Tuesday, April 11, 2006

Column, April 11, 2006

WHAT on God's good Earth is a Welshy?
I only ask because I want to know whether to take umbrage or not.
It has been said that this was a term used by a Question Time panellist about us, Inspector Knacker of North Wales Police has become involved and now national newspapers are asking whether we are the touchiest nation in the world.
All very messy, and even the H-bomb of racial debate has been deployed - it has been dubbed, wait for it, political correctness gone mad.
And I haven't even had me two penn'orth yet. Do you ever get the feeling you've just arrived in a bar after everyone's had a good scrap?

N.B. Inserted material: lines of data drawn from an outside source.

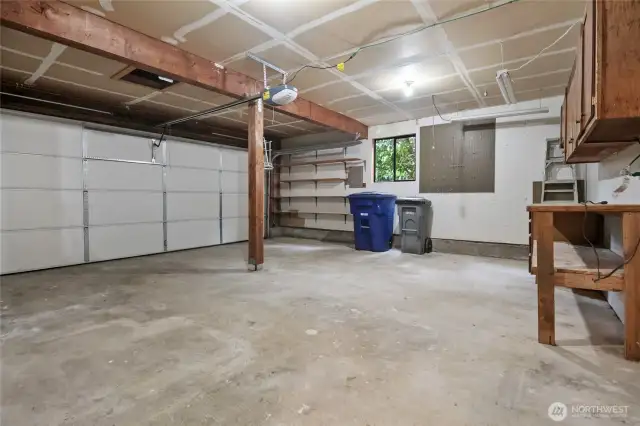 Oversized 2-car garage plus shop area and plenty of storage space.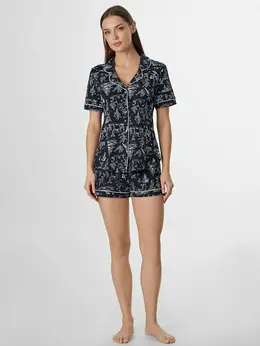 Комплект домашний женский синий с узором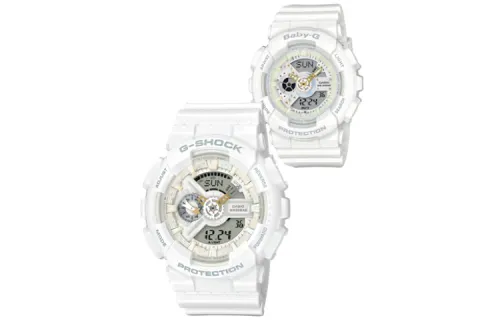 CASIO LOV Quartz Movement Resin Strap Watch Unisex White Dial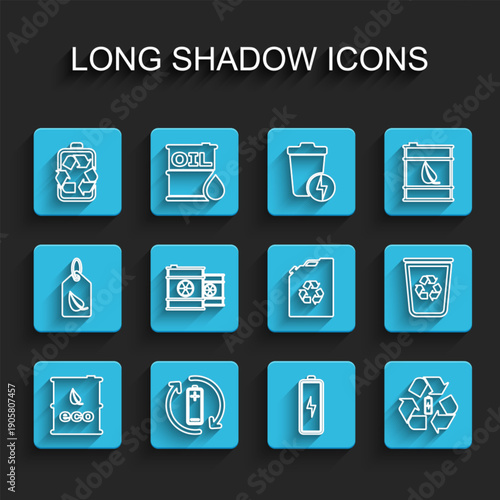 Set line Bio fuel barrel, Battery with recycle, Radioactive waste in, Recycle bin and Eco canister icon. Vector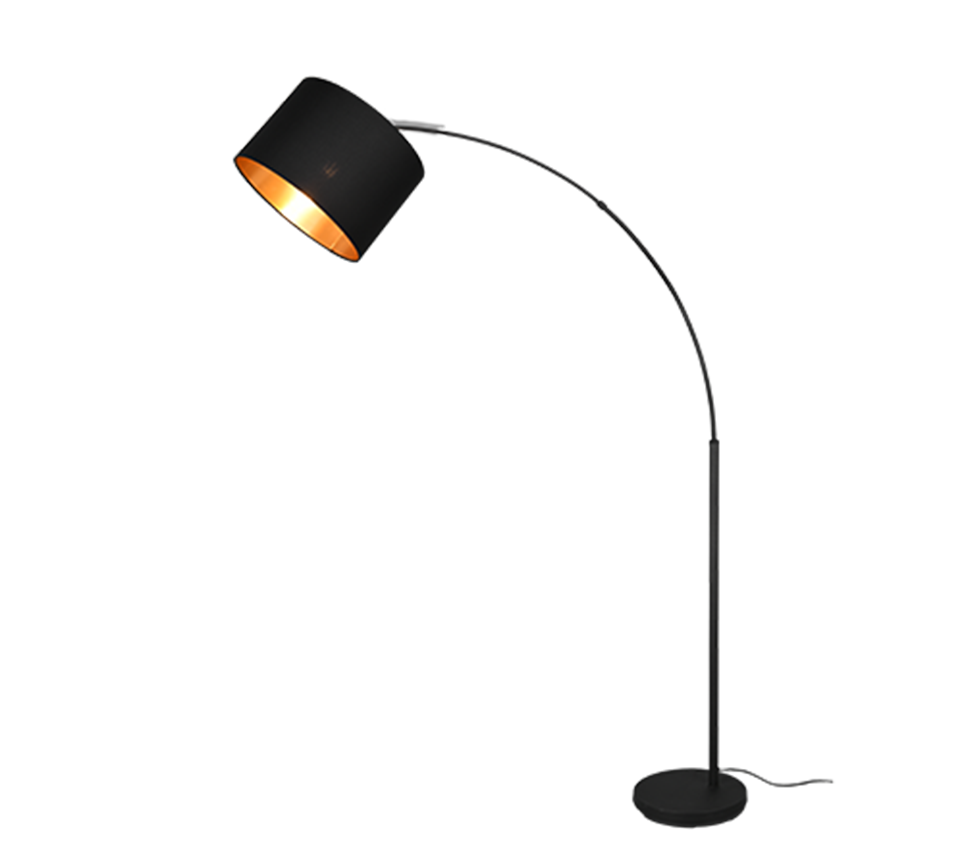 Bolivia põrandavalgusti E27 matt must/kuld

Anyway not wanting to miss my chance to saddle up my high horse if Ms Odone had cast even the slightest aspersion in our direction I did a little research into what she actually said.

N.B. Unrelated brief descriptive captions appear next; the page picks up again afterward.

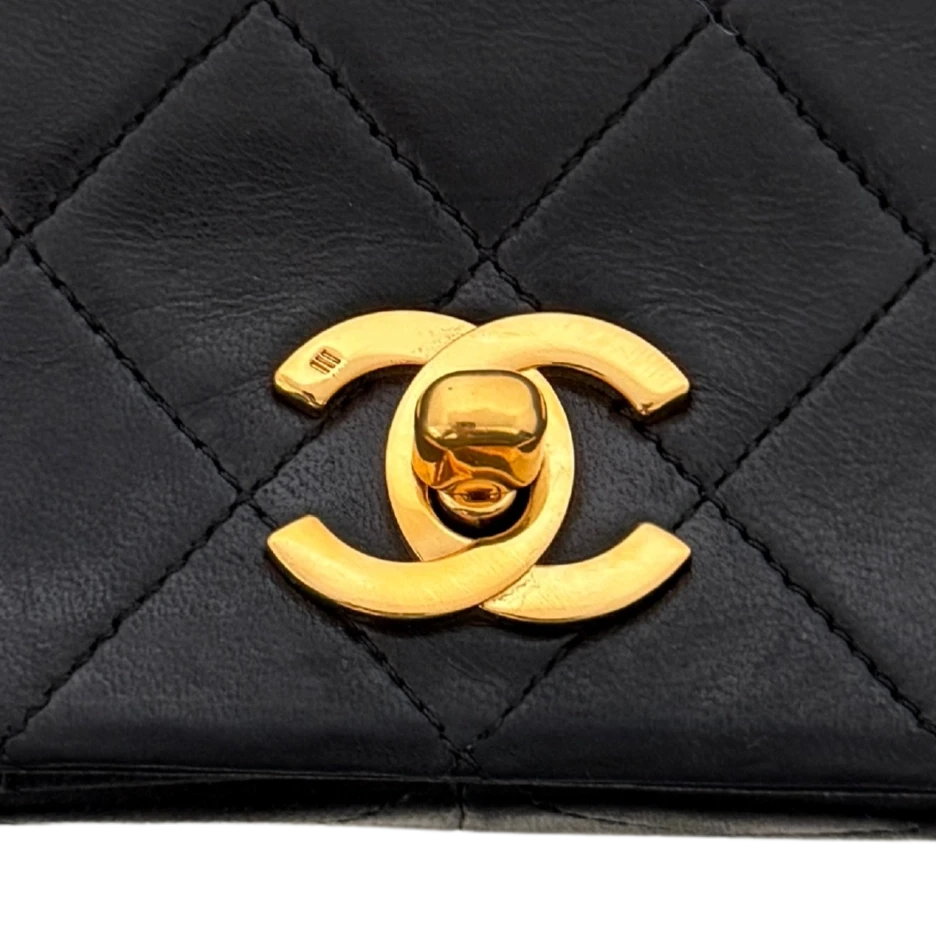 Chanel Timeless Single Flap Small Lammleder Schwarz / gut Chanel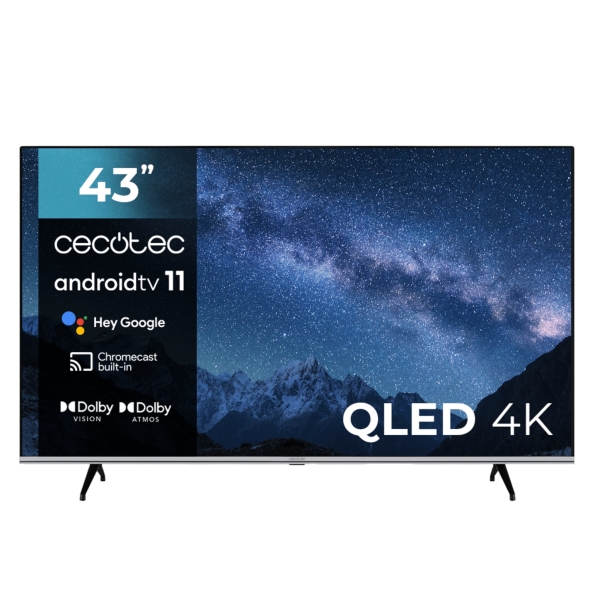Cecotec V2 series VQU20043 Televisor Smart TV sin Marco de 43" QLED 4K UHD - Procesador Cortex A55 -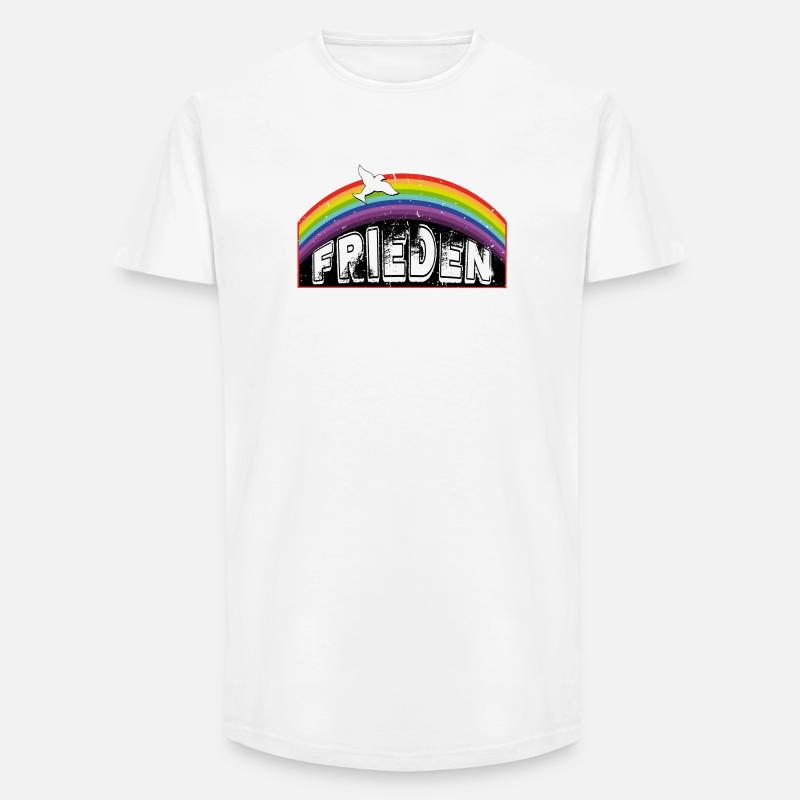 RAINBOW Regenbogen FRIEDEN - Long Fit Männer T-Shirt - Weiß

I've found out, and I have to say I could have saved a lot of police time as well as a couple of acres of rainforest in newsprint if they'd all just come to me for a proper interpretation.
In fact, I'm thinking of offering it as a media service from now on - Banksychecker - if you're worried that you're insulting the Welsh, run it by me first, I'm on a hair trigger, if I respond with a string of expletives and a month of columns you know you've overstepped the mark.
But back to what Ms Odone actually said, and let's put it in context shall we, because having heard her before I suspected that she hadn't just leapt onto the Question Time panellists' panel and started shouting 'Little Welshies' at the shocked audience.
Here is what she said, when asked one of those easy-peasy questions at the end, this was about Wales's chances of hosting the 2012 Olympics after the latest Wembley setback:
"The Welsh, I can tell you, are whooping it up already," said Odone. "They are saying 'We are going to have a whole English football extravaganza up here.' And from now on, they [the English] are not going to be talking about the 'leeks', and they are not going to be talking about the 'little Welshies'. They are going to be saying 'Excuse me, could we come in here, could we please?' "
So, she did utter the words 'little Welshies' didn't she? But for heaven's sake, will you look at the rest of the sentence?
If you've got half a brain you can work out she wasn't insulting us, in fact quite the reverse, she was saying that any English people who have patronised us in the past with talk of leeks and little Welshies won't be doing so any more because we've nicked the FA Cup from under their noses.
So, let's be clear, there's is absolutely nothing wrong with anything that she said, other than the fact she clearly doesn't know some of the names we get called.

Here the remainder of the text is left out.